WORK ORDER: An exact copy of the entries below is the expected answer.

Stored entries
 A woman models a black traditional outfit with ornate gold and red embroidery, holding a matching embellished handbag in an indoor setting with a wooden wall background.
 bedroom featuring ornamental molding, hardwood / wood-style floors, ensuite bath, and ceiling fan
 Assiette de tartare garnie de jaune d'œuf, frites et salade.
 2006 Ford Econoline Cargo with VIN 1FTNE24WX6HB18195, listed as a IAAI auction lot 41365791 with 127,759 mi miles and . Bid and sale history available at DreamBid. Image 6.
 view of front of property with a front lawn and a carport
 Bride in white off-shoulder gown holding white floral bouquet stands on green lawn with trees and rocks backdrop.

REPLY:
 A woman models a black traditional outfit with ornate gold and red embroidery, holding a matching embellished handbag in an indoor setting with a wooden wall background.
 bedroom featuring ornamental molding, hardwood / wood-style floors, ensuite bath, and ceiling fan
 Assiette de tartare garnie de jaune d'œuf, frites et salade.
 2006 Ford Econoline Cargo with VIN 1FTNE24WX6HB18195, listed as a IAAI auction lot 41365791 with 127,759 mi miles and . Bid and sale history available at DreamBid. Image 6.
 view of front of property with a front lawn and a carport
 Bride in white off-shoulder gown holding white floral bouquet stands on green lawn with trees and rocks backdrop.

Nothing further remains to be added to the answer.